In the field of sports journalism, female reporters have long been a rarity. The Washington Post stands out for assigning female journalists to lead its coverage of the four major Washington D.C. sports teams: Liz Clarke on the Redskins, Candace Buckner on the Wizards, Isabelle Khurshudyan on the Capitals and Chelsea Janes on the Nationals. They share what drew them to the male-dominated world of sports journalism and what the landscape looks like for women entering the field today.
What made you want to get into sports journalism?
Liz: I started my journalism career as a news reporter, covering the typical entry-level beats: school boards and cops; later, higher education. On the latter beat, I spent extensive time investigating and writing about academic fraud in college basketball, largely because the sports department at the paper for which I worked at the time wasn’t overly zealous in pursuing stories that were unflattering to a very popular local coach. The opportunity to switch from news reporting to sports was raised by the sports editor at a competing paper. It wasn’t a career fork I’d ever contemplated or sought. But this editor pointed out the value of and need for a “news-grounded” sportswriter to tackle the growing number of “off-the-field” issues in sports that were emerging in the 1990s. And it was largely because of his persuasiveness and a desire to broaden my skills that I switched to sports journalism. That was more than 25 years ago, and I’ve loved every bit of the journey since, which has included college sports, tennis, NASCAR, two World Cups, eight Olympics and several seasons on the Redskins.
Isabelle: It was actually pretty random because I was never athletic or played sports growing up. I was watching a Monday Night Football game with my dad when I was a freshman in high school. I think it was the Saints playing the Falcons. I was just kind of fascinated by it. I started watching ESPN regularly and reading good sports journalism. I had always been a strong writer in school, so combining that with sports seemed like a fun career. When I was a junior in high school, I would go help out after school at a local newspaper in Seneca, South Carolina, and the first thing they asked me to do was transcribe an interview. I thought it was the coolest assignment ever. Of course, now I hate transcribing, like pretty much every journalist. As a senior in high school, I got paid $50 a month to cover my high school’s sports for a small weekly paper. I stuck with it in college by writing for the student newspaper, and over time, I realized that I had fallen in love with journalism and not just writing about sports.

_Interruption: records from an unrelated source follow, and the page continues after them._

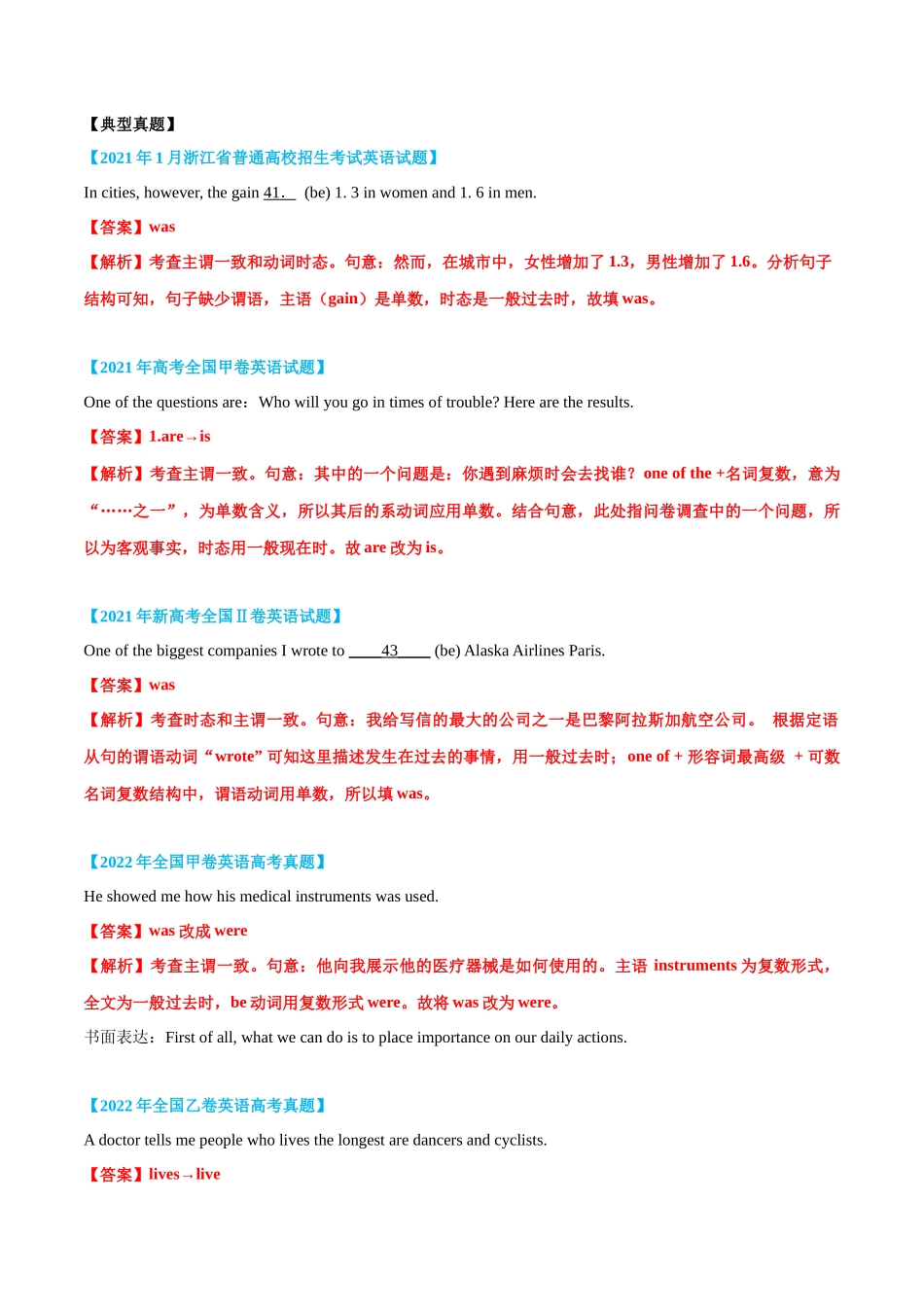 专题09  主谓一致.docx_第2页
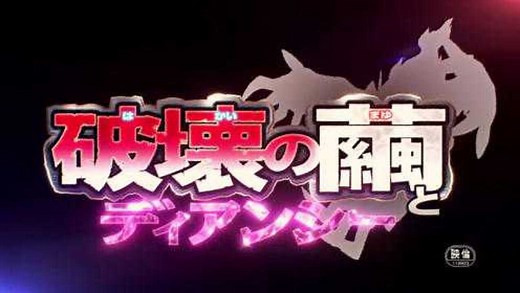 梦幻恋樱 精灵宝可梦剧场版 破坏之茧与蒂安希 01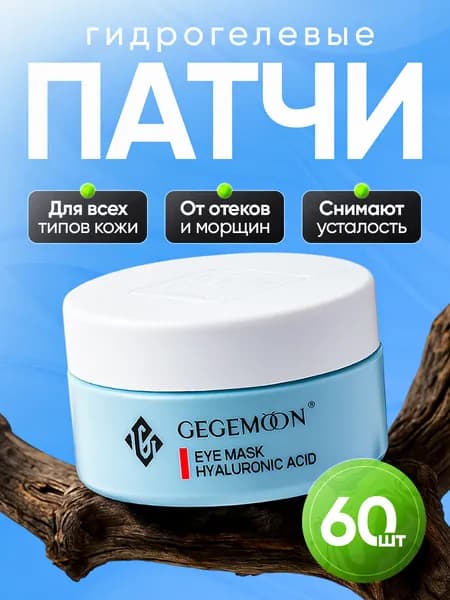 Патчи Gegemoon для глаз, с гиалуроновой кислотой, от отеков и темных кругов под глазами с пептидами, 60 штук.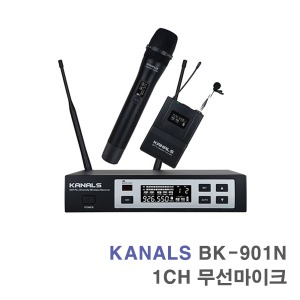 BK-901N 1채널 무선마이크-행사 공연용 방송용 무대용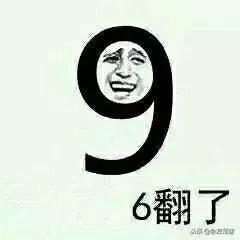 中国足球历史十大“奇葩”事件!第一个我忍不住笑了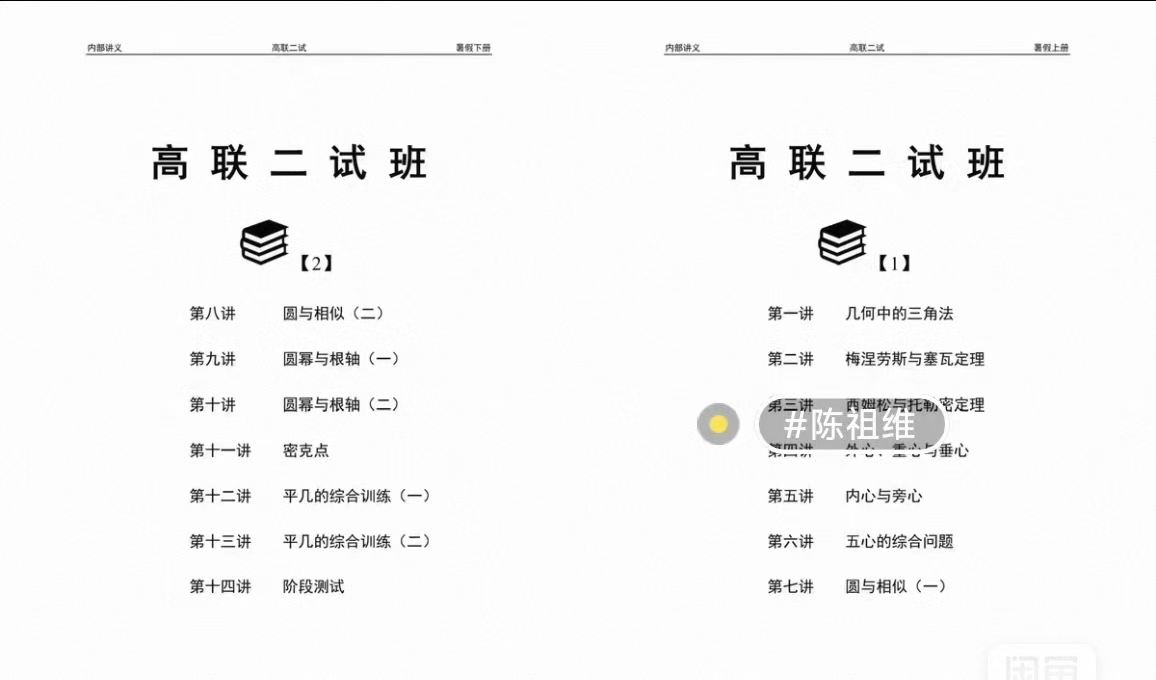 【高中数学】陈祖维：高联二试几何常规班2025暑-学爸优选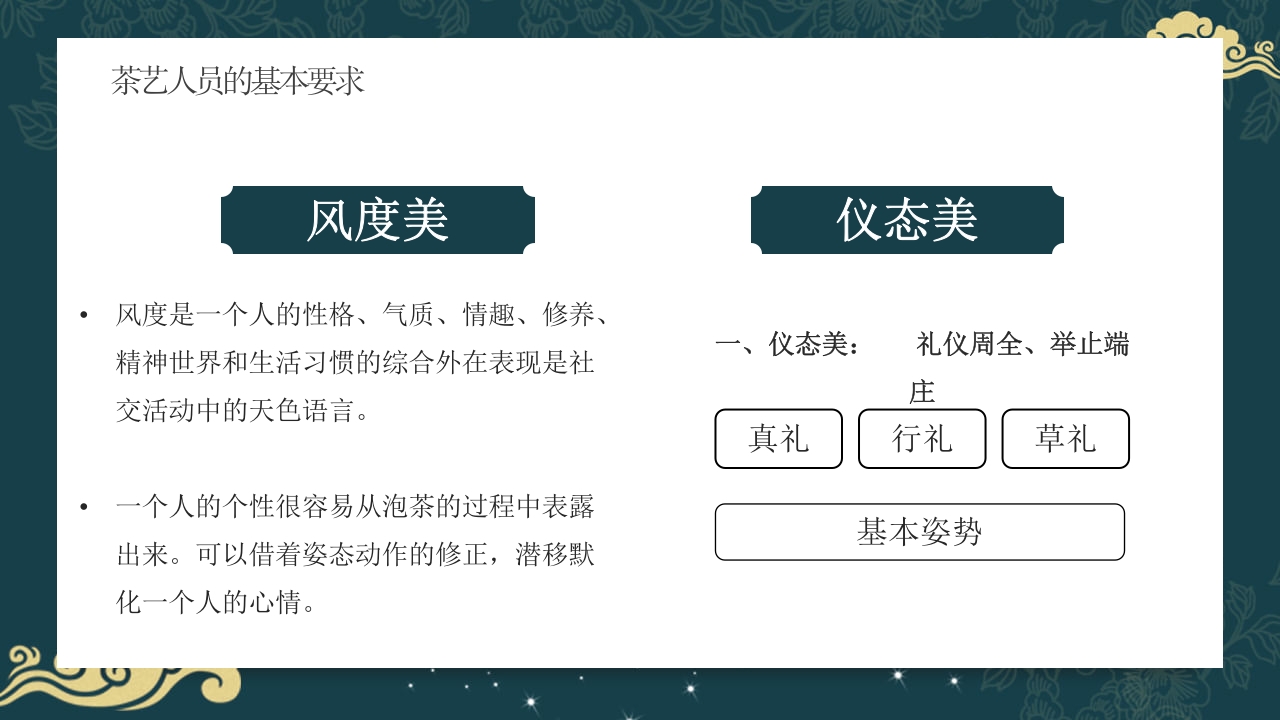 中国风茶道茶艺礼仪培训ppt课件8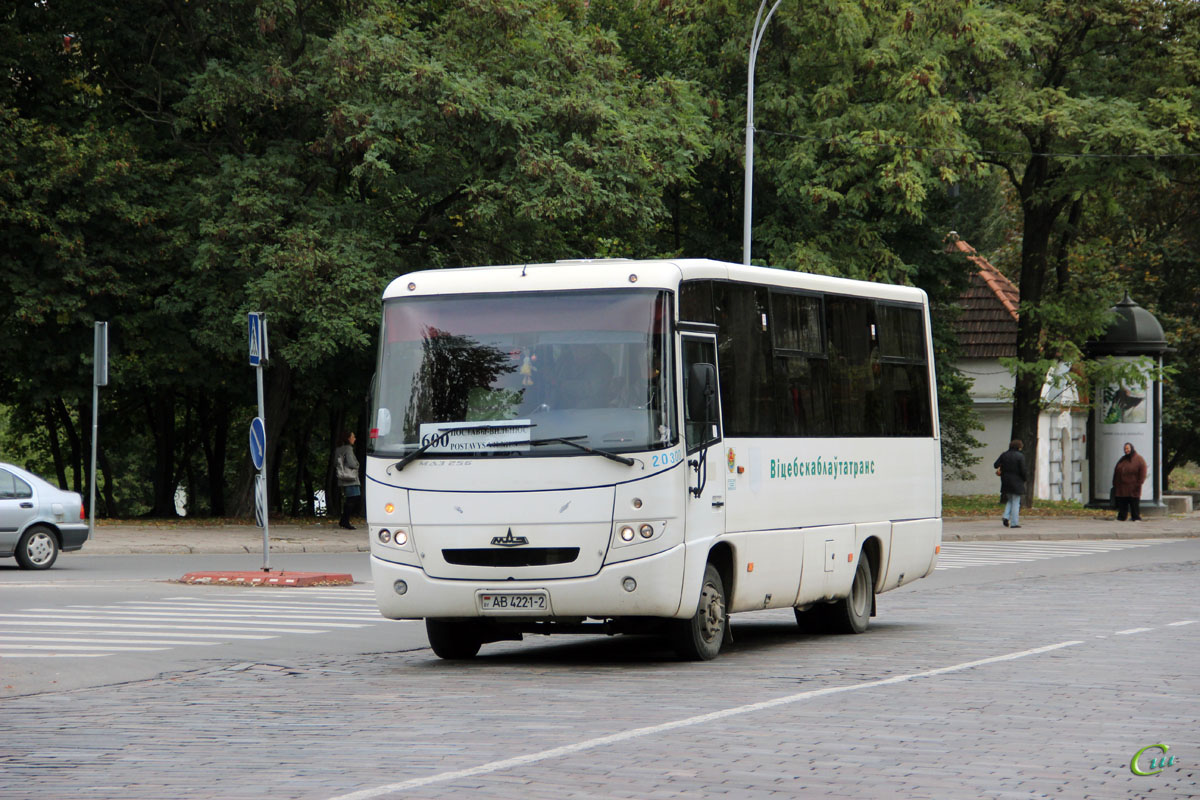 МАЗ-256 AB4221-2 - Вильнюс - Фото №45127 - Твой Транспорт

Chelsea: To be honest, much of my career is an accident. I played sports in college, and a girl across the hall wrote for the school paper. One evening, she was working on a story about the hockeyteam’s unofficial mascot — Captain America. She wasn’t having any luck getting in touch with the kid, which was easier for me because I knew several athletes. I asked her if it would help if I just wrote the story instead. I did, it was fun, and the rest is history.
Candace: I’ve always been drawn to sports. I can still remember being a kid and watching Lakers and Celtics on TV. I thought I was going to be the next Hannah Storm and work the sidelines for NBA on NBC telecasts. Then, around high school, I discovered the joys of writing and decided to go that route.
Are there any challenges you face being a female sports reporter in a male-dominated field?
Liz: Every reporter faces challenges on every beat. As a woman covering football, you might think that the challenges—specifically, the skepticism about a female sportswriter’s “credentials”—would be more pronounced. But I’ve never felt that playing football or playing any particular sport was a prerequisite for covering the sport, as long as the reporter is inquisitive, diligent and persistent. White House correspondents, for example, typically haven’t run for office, nor have war correspondents necessarily served in battle. So I don’t think about or dwell on challenges that being a female in a male-dominated field might present. The essence of the job is understanding the people, organizations and issues you cover and being smart, thorough and fair-minded in the way you portray them. As for the everyday “workplace issues” of laboring in a male-dominated workplace, I’ve never been bothered by that. I doubt that the cultural-gap presented by my particular male-dominated workplace is much different or more challenging than that facing women on Wall Street or in politics or any male-dominated profession. I have always been proud of my independence of thought and behavior. In nearly every respect, the best journalists are those who aren’t part of the reporting “herd.”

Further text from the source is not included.